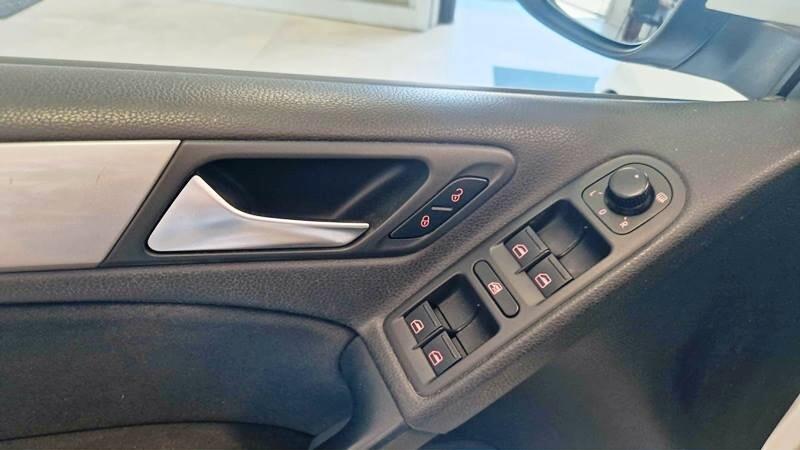 Volkswagen Golf 1.4 TSI 122CV Sport Edition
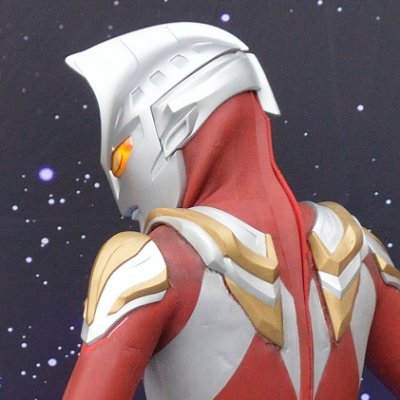 ガントラさんのプロフィール画像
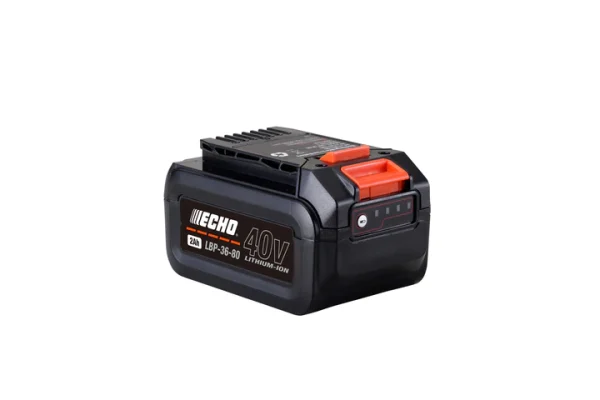 Echo Garden+ LBP-36-80 2ah Battery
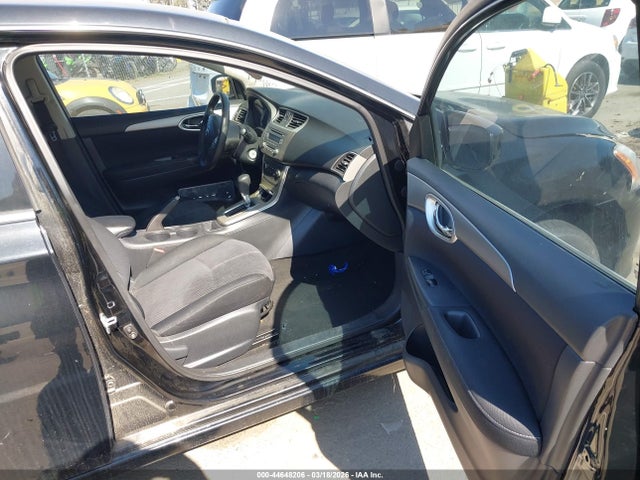 3N1AB7AP0EY205966 Nissan SENTRA SV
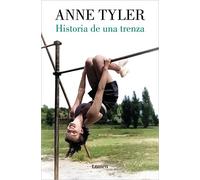 Historia de una trenza – Narrativa – Edition Lumen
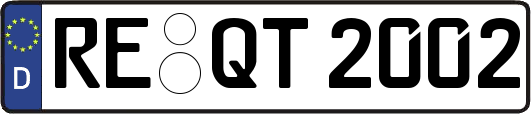 RE-QT2002
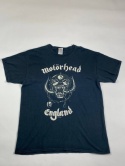 2005 Motorhead koszulka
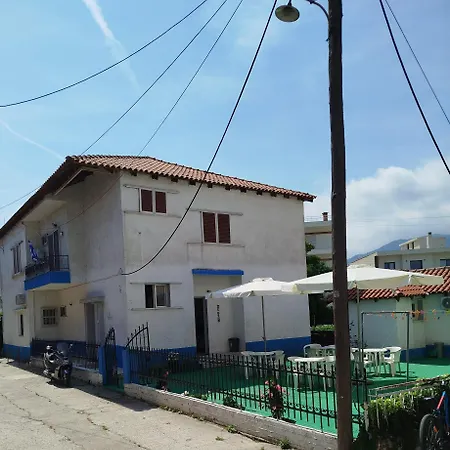 فندق Mirkashouse لايميناس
· · · · · · ·
▶ _Exercise objective_:
What is needed is the data above, retyped exactly, with every picture left out.

▶ _Task result_:
 Volkswagen Golf 1.4 TSI 122CV Sport Edition
 ガントラさんのプロフィール画像
 Echo Garden+ LBP-36-80 2ah Battery
 3N1AB7AP0EY205966 Nissan SENTRA SV
 Historia de una trenza – Narrativa – Edition Lumen
 RE-QT2002
 2005 Motorhead koszulka
 فندق Mirkashouse لايميناس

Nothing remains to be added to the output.